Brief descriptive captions
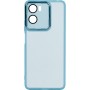 Чохол до мобільного телефона Armorstandart Shade Motorola G06 Power 4G Blue (ARM89101)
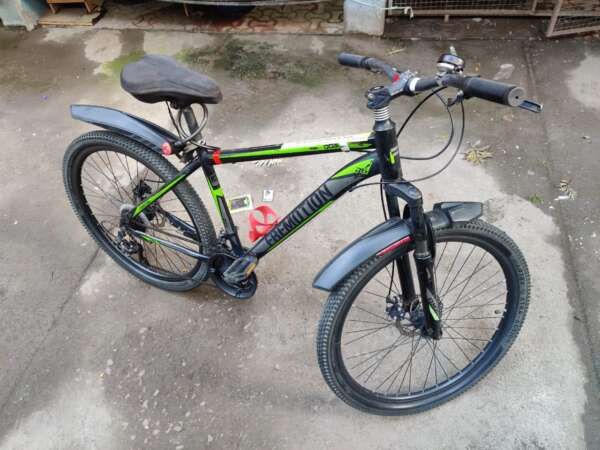 Freemotion Keysto 7 Speed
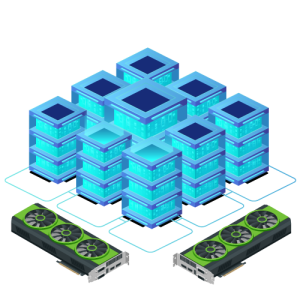 GPU-Dedicated-Server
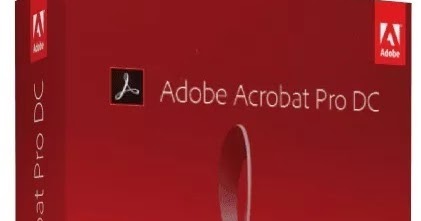 Adobe acrobat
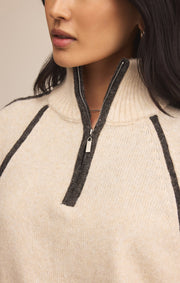 Alps Half Zip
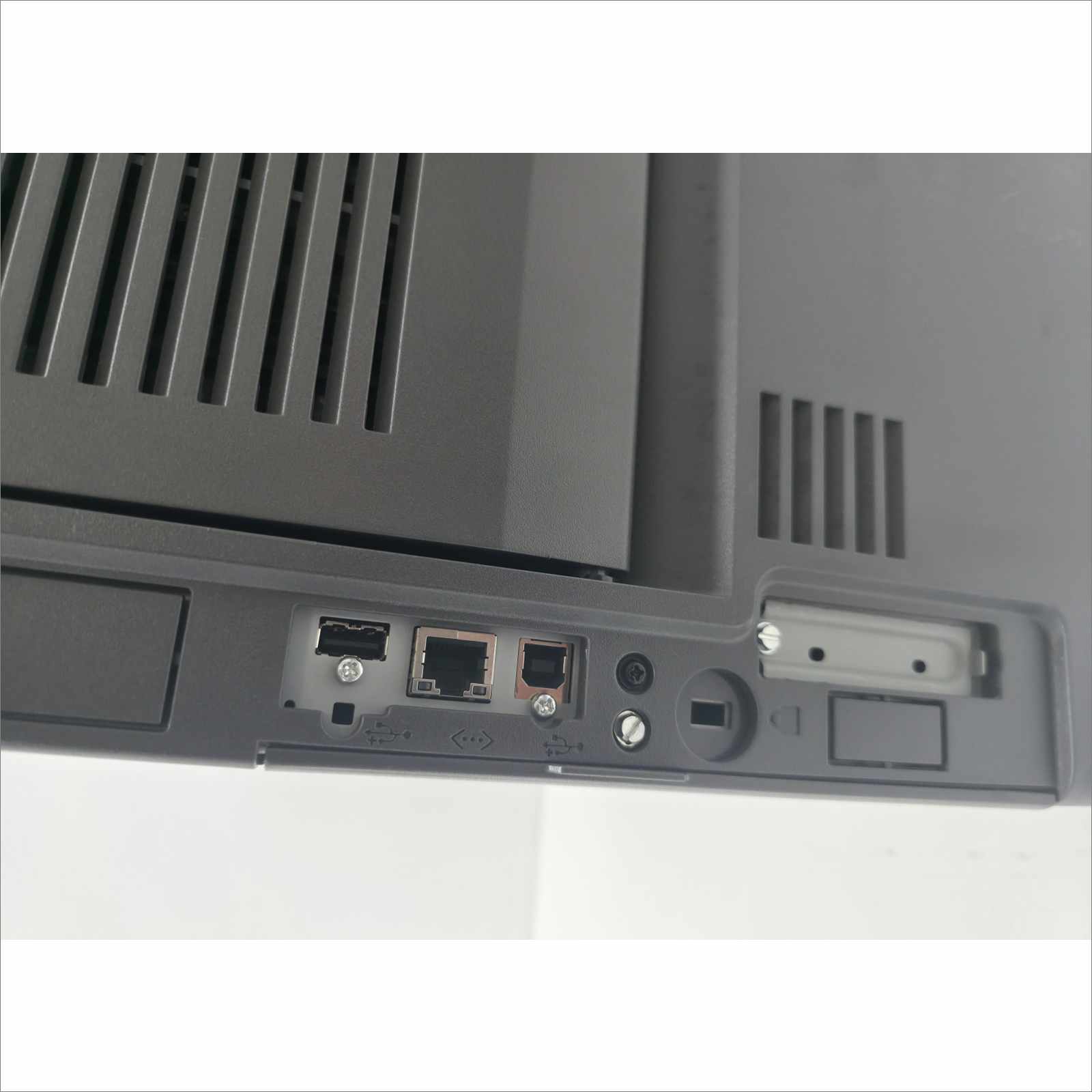Lexmark MS826de Monochrome Duplex 70 ppm Laser Printer - Low Count only 245 Pages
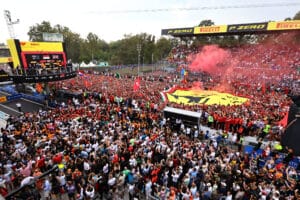 Monza's Future in Doubt Without Swift Renovations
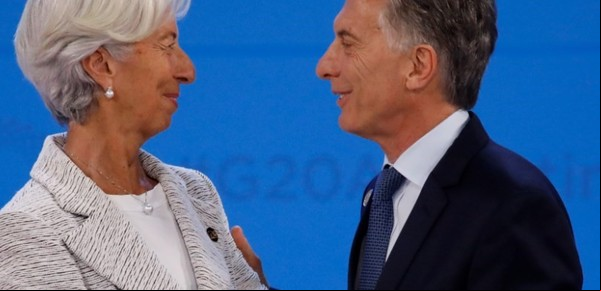 Mauricio Macri cuenta en primera persona cómo se gestó el acuerdo con el FMI, las agrias discusiones internas y por qué fracasó su política económica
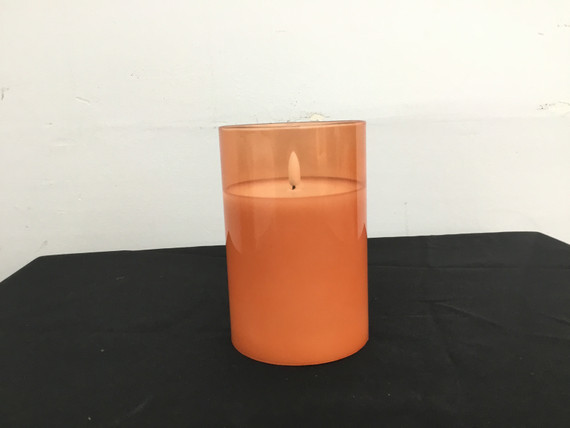 Lumineo Large Wax Candle
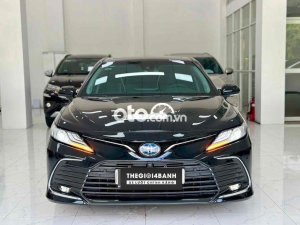 Toyota Camry  HYBRID CỰC HIẾM 2022 - CAMRY HYBRID CỰC HIẾM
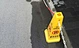 traffic cone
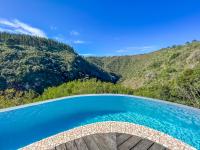 Tranquility at Its Finest - Kaaimans Luxury Villa - Chambres d’hôtes Wilderness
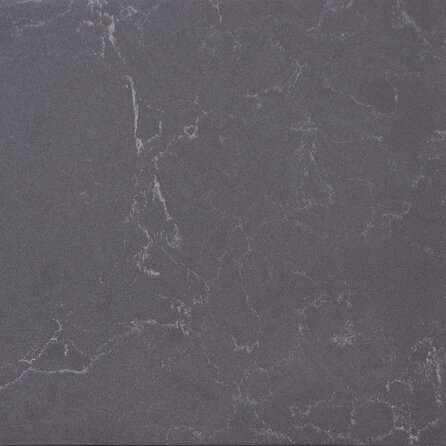 Muster / Materialmuster - Quarz-Komposit poliert - Marmor Optik Grau - 10x5x2 cm - Kunststein (Komposit) - Quartskomposit / Quarzverbund Muster / Materialmuster - Quarz-Komposit poliert - Marmor Optik Grau - 10x5x2 cm - Kunststein (Komposit) - Quartskomposit / Quarzverbund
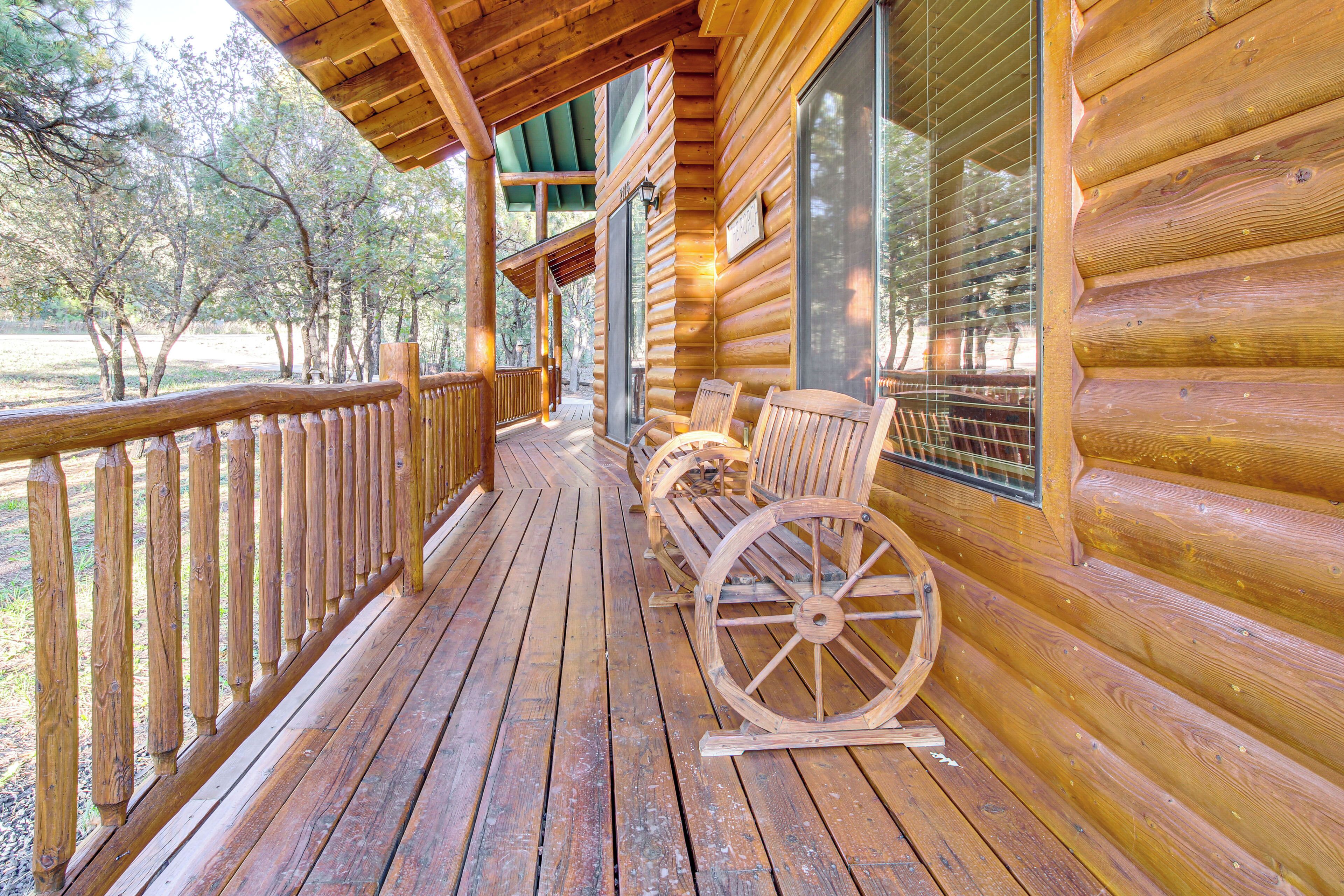 House (5 Bedrooms) | Interior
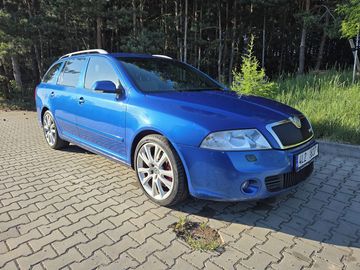 RS kombi, tažné, STK 09/2027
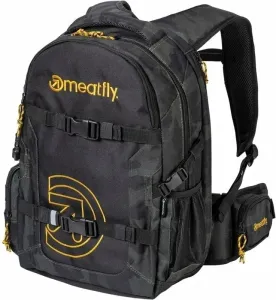 Meatfly Ramble Backpack Rampage Camo/Brown 26 L Mochila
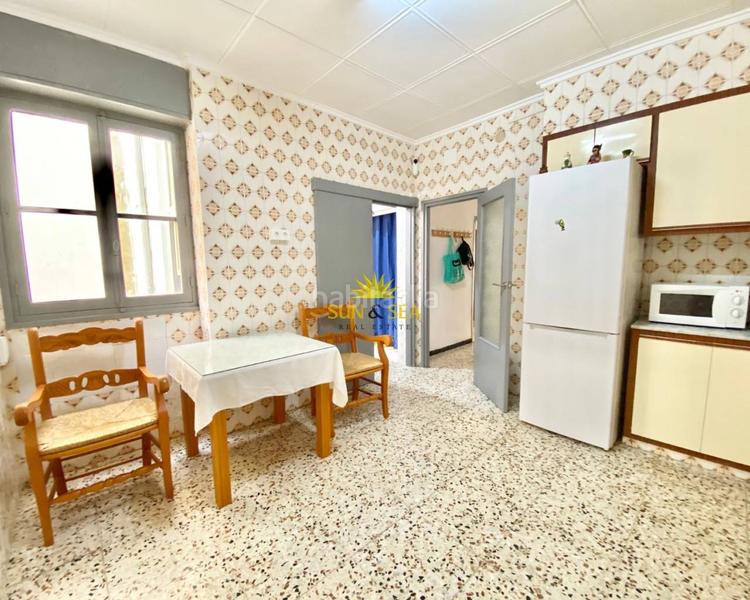 Foto ccaff3d5-791a-4f36-ad22-bbf348353527. Location appartement avec chauffage dans Centro Santa Pola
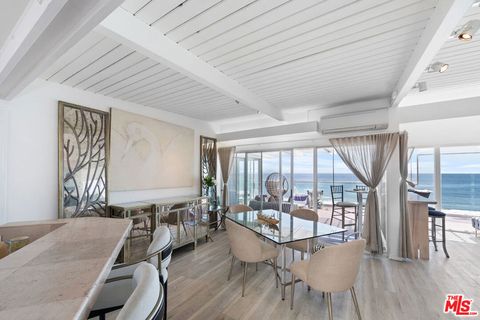 Photo of 27060 Malibu Cove Colony Drive, Malibu, CA 90265 (MLS # 25570229)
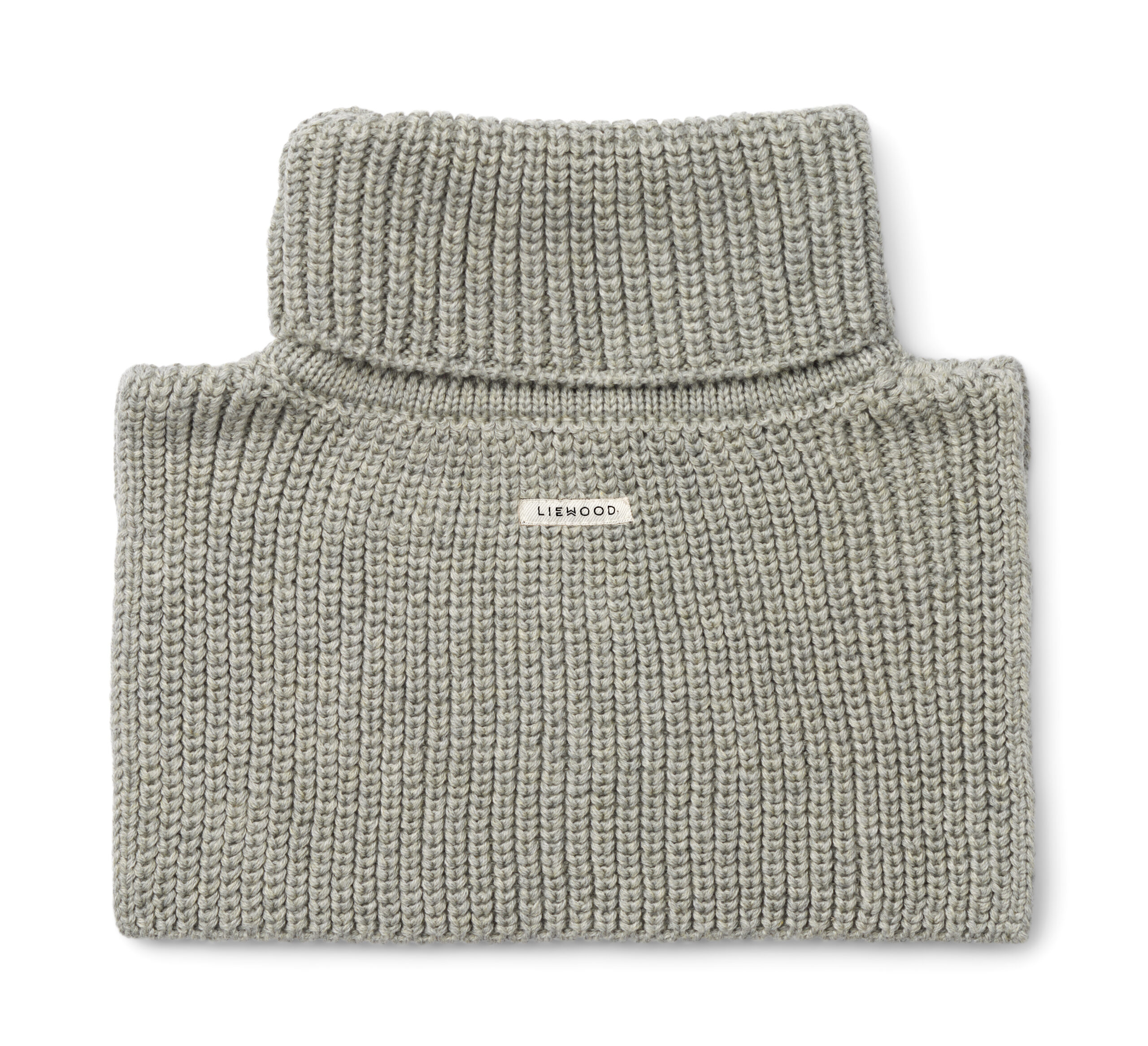 Scaldacollo in cotone meack roll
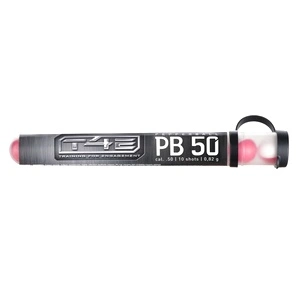 Пипер топчета Umarex T4E PB .50 10 бр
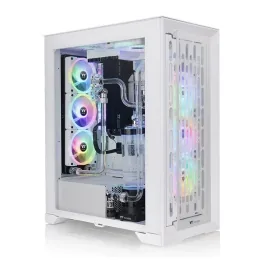 Thermaltake CTE T500 TG ARGB Snow Full Tower Chassis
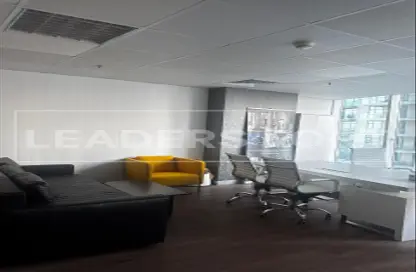 Office Space - Studio for rent in Al Manara Tower - Business Bay - Dubai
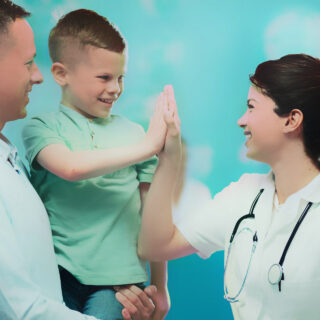 Το πρόγραμμα ασφάλισης υγείας που μας βοηθά να βάζουμε πάντα πρώτη την υγεία μας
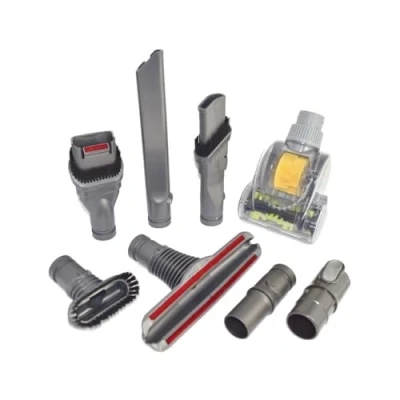 Image of Ufixt Fits Dyson DC49, DC50 and DC51 Vacuum Cleaner Tool Set with Mini Turbo Floor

» **TASK TO COMPLETE**
Please hand back every entry above exactly, with no images in the copy.

» **RESULT OF THE TASK**
 Чохол до мобільного телефона Armorstandart Shade Motorola G06 Power 4G Blue (ARM89101)
 Freemotion Keysto 7 Speed
 GPU-Dedicated-Server
 Adobe acrobat
 Alps Half Zip
Lexmark MS826de Monochrome Duplex 70 ppm Laser Printer - Low Count only 245 Pages
 Monza's Future in Doubt Without Swift Renovations
 Mauricio Macri cuenta en primera persona cómo se gestó el acuerdo con el FMI, las agrias discusiones internas y por qué fracasó su política económica
 Lumineo Large Wax Candle
 Toyota Camry  HYBRID CỰC HIẾM 2022 - CAMRY HYBRID CỰC HIẾM
 traffic cone
 Tranquility at Its Finest - Kaaimans Luxury Villa - Chambres d’hôtes Wilderness
 Muster / Materialmuster - Quarz-Komposit poliert - Marmor Optik Grau - 10x5x2 cm - Kunststein (Komposit) - Quartskomposit / Quarzverbund Muster / Materialmuster - Quarz-Komposit poliert - Marmor Optik Grau - 10x5x2 cm - Kunststein (Komposit) - Quartskomposit / Quarzverbund
 House (5 Bedrooms) | Interior
 RS kombi, tažné, STK 09/2027
 Meatfly Ramble Backpack Rampage Camo/Brown 26 L Mochila
 Foto ccaff3d5-791a-4f36-ad22-bbf348353527. Location appartement avec chauffage dans Centro Santa Pola
 Photo of 27060 Malibu Cove Colony Drive, Malibu, CA 90265 (MLS # 25570229)
 Scaldacollo in cotone meack roll
 Пипер топчета Umarex T4E PB .50 10 бр
 Thermaltake CTE T500 TG ARGB Snow Full Tower Chassis
 Office Space - Studio for rent in Al Manara Tower - Business Bay - Dubai
 Το πρόγραμμα ασφάλισης υγείας που μας βοηθά να βάζουμε πάντα πρώτη την υγεία μας
 Image of Ufixt Fits Dyson DC49, DC50 and DC51 Vacuum Cleaner Tool Set with Mini Turbo Floor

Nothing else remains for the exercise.